Permian Corp. v. Union Texas Petroleum Corp.

Opinion

OPINION

WOODARD, Justice.

This is an appeal from the granting of summary judgment to Appellee and denial of summary judgment to Appellant. We affirm.

An employee of a subsidiary corporation of the Appellant sued Appellee for negligently causing him injuries in a construction accident which occurred on the premises controlled by Appellee while the employee was performing services for the Appel-lee. Appellee joined Appellant as third-party defendant under an indemnity agreement. The pertinent part of the agreement provided:

Contractor [Appellant] hereby indemnifies and agrees to protect, hold and save Union Texas [Appellee] ... harmless from and against all claims, ... including but not limited to injuries to employees of Contractor, ... on account of, arising from or resulting, directly or indirectly, from the work and/or services performed by Contractor ... and whether the same is caused or contributed to by the negligence of Union Texas, its agent or employees. [Emphasis added].
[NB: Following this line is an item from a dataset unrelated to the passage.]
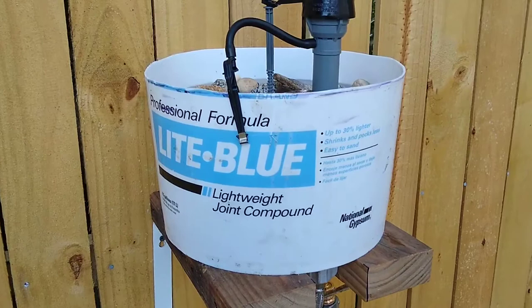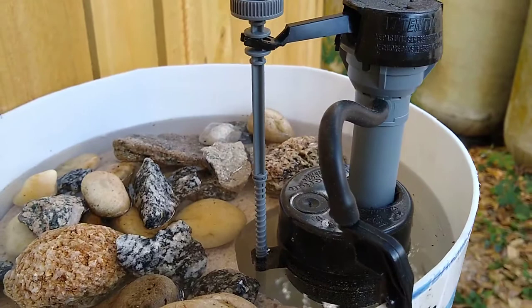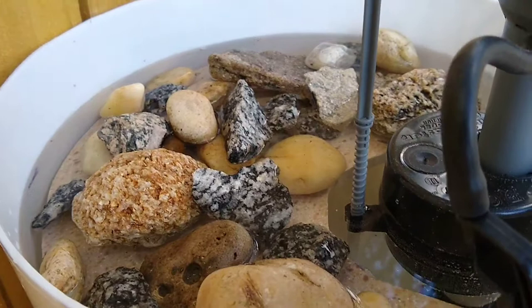This is my bee waterer I made out of the bottom part of a five-gallon bucket. It uses a toilet float valve so I don't have to keep filling it up.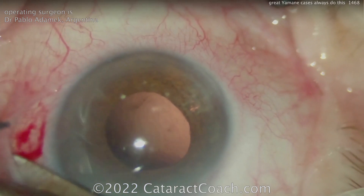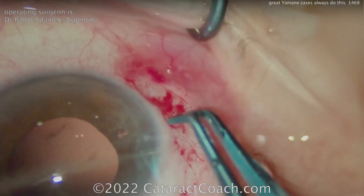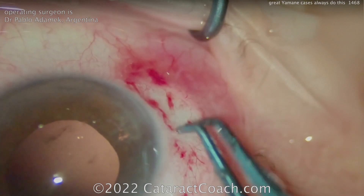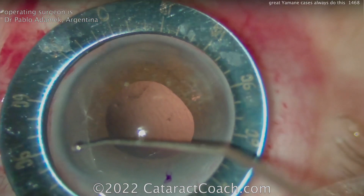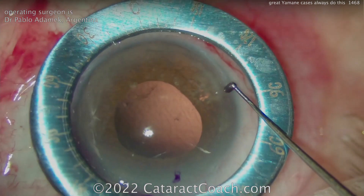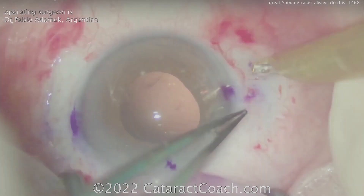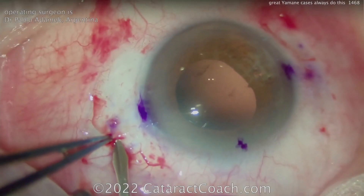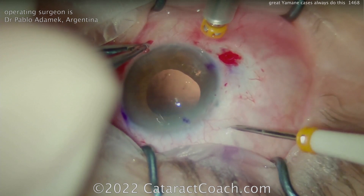Let's show you another video. Next up, we have Dr. Pablo Adamek from Argentina. This patient is going to get the same type of procedure — a phakic patient. A little bit of cautery is being done here, and this patient's going to get a Yamane scleral fixation. Importantly, he's marking very carefully so that the lens is centered — using that Mendez gauge and making marks on the cornea so you have a beautifully centered lens. Otherwise, if you're off by a little bit, the lens will be decentered. There are markers you can buy to help with this as well, and he's making little scleral pockets.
Parties seeking to indemnify the in-demnitee from the consequences of its own negligence must express that intent in specific terms which must be specifically stated within the four corners of the contract. This is known as the “express negligence doctrine.” Ethyl Corporation v. Daniel Construction Company, 725 S.W.2d 705 (Tex. 1987). In that case, the court held that an indemnity against “any loss ... as a result of operations growing out of the performance of this contract and caused by the negligence or carelessness of Contractor, ...” did not meet the requirements of this doctrine.

In Singleton v. Crown Central Petroleum Corporation, 713 S.W.2d 115 (Tex.App.- Houston [1st Dist.] 1985), the court held a global and embellished indemnity clause that only expressly referred to the word negligence of the owner by “excepting only claims arising out of accidents resulting from the sole negligence of Owner” did not state with clarity the basis for indemnifying the owner for his acts of negligence and therefore failed the express negligence doctrine test.

In B-F-W Construction Co., Inc. v. Garza, 748 S.W.2d 611 (Tex.App.-Fort Worth 1988, no writ), a contract indemnifying all damages “(regardless of cause or of any concurrent or contributing fault or negligence of Contractor [indemnitee]) ...” and “regardless of cause or of any fault or negligence of Contractor [indemni-tee]” was held to satisfy the doctrine’s test.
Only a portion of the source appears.